### YOUR OBJECTIVE
Go through the data and copy every line exactly, but not the images.

::: INFORMATION SUPPLIED :::

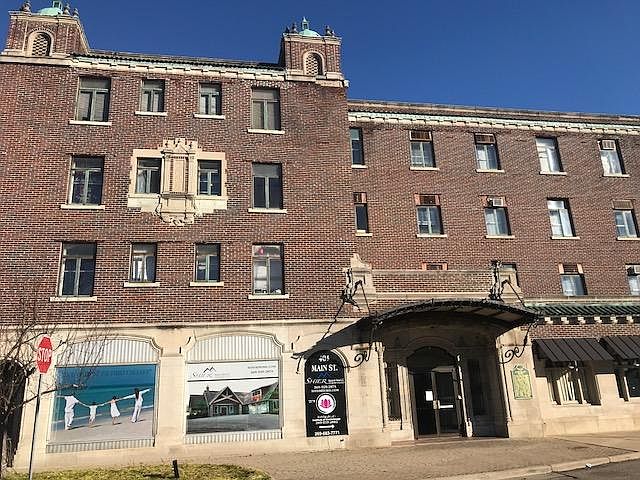 1st image of 404 E Main St #205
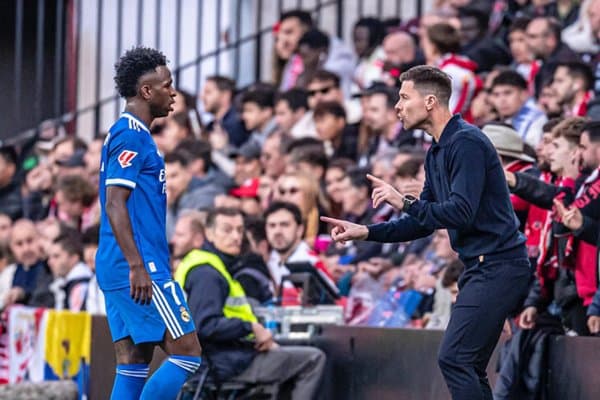 “Реал”да зиддият юзага келди, футболчилар Алонсога қарши боряпти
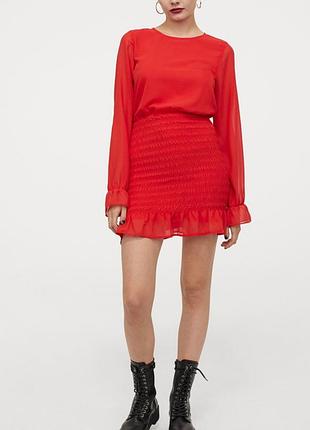 Красивое красное платье юбка жатка нарядное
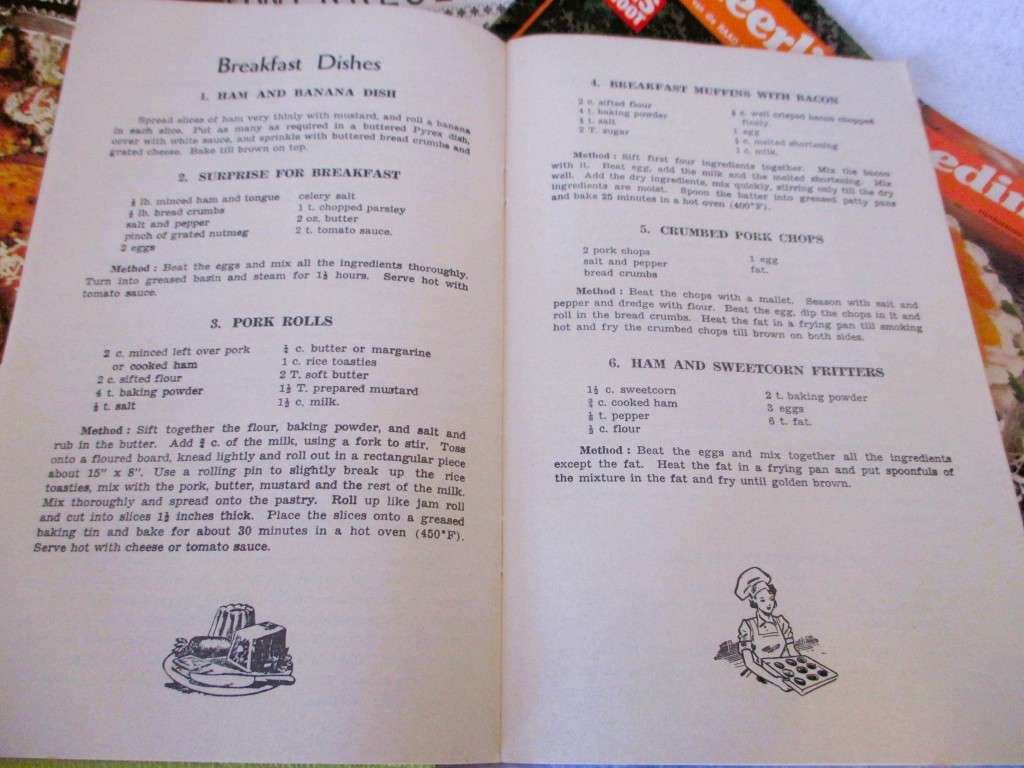 7 Vintage Resepte bookies meestal in Afrikaans. Vleisraad resepte dagboek vir 1959/60.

:::

### RESPONSE TO THE TASK
 1st image of 404 E Main St #205
 “Реал”да зиддият юзага келди, футболчилар Алонсога қарши боряпти
 Красивое красное платье юбка жатка нарядное
 7 Vintage Resepte bookies meestal in Afrikaans. Vleisraad resepte dagboek vir 1959/60.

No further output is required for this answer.